[Data items]
——
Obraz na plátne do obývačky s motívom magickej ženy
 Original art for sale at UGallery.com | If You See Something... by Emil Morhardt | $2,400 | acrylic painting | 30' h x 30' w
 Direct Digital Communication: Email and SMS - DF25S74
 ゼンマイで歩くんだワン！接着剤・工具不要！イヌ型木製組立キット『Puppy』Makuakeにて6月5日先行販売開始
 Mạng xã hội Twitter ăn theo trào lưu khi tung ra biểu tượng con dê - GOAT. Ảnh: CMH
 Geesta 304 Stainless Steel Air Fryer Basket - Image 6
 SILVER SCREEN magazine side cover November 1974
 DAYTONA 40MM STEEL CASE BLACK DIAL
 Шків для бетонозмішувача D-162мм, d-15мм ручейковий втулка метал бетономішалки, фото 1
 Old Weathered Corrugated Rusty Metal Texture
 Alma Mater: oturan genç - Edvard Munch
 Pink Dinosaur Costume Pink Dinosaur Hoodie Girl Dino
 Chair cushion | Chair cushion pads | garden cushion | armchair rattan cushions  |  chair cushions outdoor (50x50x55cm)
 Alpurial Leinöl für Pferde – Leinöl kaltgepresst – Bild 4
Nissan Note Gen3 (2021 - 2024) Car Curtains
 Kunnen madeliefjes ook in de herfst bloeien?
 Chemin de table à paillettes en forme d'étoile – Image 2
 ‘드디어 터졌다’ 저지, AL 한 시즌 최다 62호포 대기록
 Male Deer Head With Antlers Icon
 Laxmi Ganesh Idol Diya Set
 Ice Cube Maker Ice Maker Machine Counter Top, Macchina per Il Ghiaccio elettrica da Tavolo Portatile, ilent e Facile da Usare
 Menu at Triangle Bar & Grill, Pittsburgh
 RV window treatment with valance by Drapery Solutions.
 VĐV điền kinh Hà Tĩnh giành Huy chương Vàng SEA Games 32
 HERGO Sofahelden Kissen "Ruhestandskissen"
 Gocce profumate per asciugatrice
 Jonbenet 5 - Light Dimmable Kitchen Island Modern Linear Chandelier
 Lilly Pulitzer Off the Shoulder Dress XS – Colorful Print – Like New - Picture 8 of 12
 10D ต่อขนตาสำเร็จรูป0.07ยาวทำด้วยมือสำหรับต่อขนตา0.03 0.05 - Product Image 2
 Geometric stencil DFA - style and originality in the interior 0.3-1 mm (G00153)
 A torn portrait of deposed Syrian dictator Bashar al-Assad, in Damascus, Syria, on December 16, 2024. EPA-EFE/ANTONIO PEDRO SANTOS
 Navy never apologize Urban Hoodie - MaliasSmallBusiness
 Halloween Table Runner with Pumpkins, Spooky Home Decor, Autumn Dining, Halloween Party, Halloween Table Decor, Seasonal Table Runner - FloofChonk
——
Could you set down exactly the lines above, from the one containing "Chair cushion |" through the last, including both and nothing else?

• [Output for this task]
 Chair cushion | Chair cushion pads | garden cushion | armchair rattan cushions  |  chair cushions outdoor (50x50x55cm)
 Alpurial Leinöl für Pferde – Leinöl kaltgepresst – Bild 4
Nissan Note Gen3 (2021 - 2024) Car Curtains
 Kunnen madeliefjes ook in de herfst bloeien?
 Chemin de table à paillettes en forme d'étoile – Image 2
 ‘드디어 터졌다’ 저지, AL 한 시즌 최다 62호포 대기록
 Male Deer Head With Antlers Icon
 Laxmi Ganesh Idol Diya Set
 Ice Cube Maker Ice Maker Machine Counter Top, Macchina per Il Ghiaccio elettrica da Tavolo Portatile, ilent e Facile da Usare
 Menu at Triangle Bar & Grill, Pittsburgh
 RV window treatment with valance by Drapery Solutions.
 VĐV điền kinh Hà Tĩnh giành Huy chương Vàng SEA Games 32
 HERGO Sofahelden Kissen "Ruhestandskissen"
 Gocce profumate per asciugatrice
 Jonbenet 5 - Light Dimmable Kitchen Island Modern Linear Chandelier
 Lilly Pulitzer Off the Shoulder Dress XS – Colorful Print – Like New - Picture 8 of 12
 10D ต่อขนตาสำเร็จรูป0.07ยาวทำด้วยมือสำหรับต่อขนตา0.03 0.05 - Product Image 2
 Geometric stencil DFA - style and originality in the interior 0.3-1 mm (G00153)
 A torn portrait of deposed Syrian dictator Bashar al-Assad, in Damascus, Syria, on December 16, 2024. EPA-EFE/ANTONIO PEDRO SANTOS
 Navy never apologize Urban Hoodie - MaliasSmallBusiness
 Halloween Table Runner with Pumpkins, Spooky Home Decor, Autumn Dining, Halloween Party, Halloween Table Decor, Seasonal Table Runner - FloofChonk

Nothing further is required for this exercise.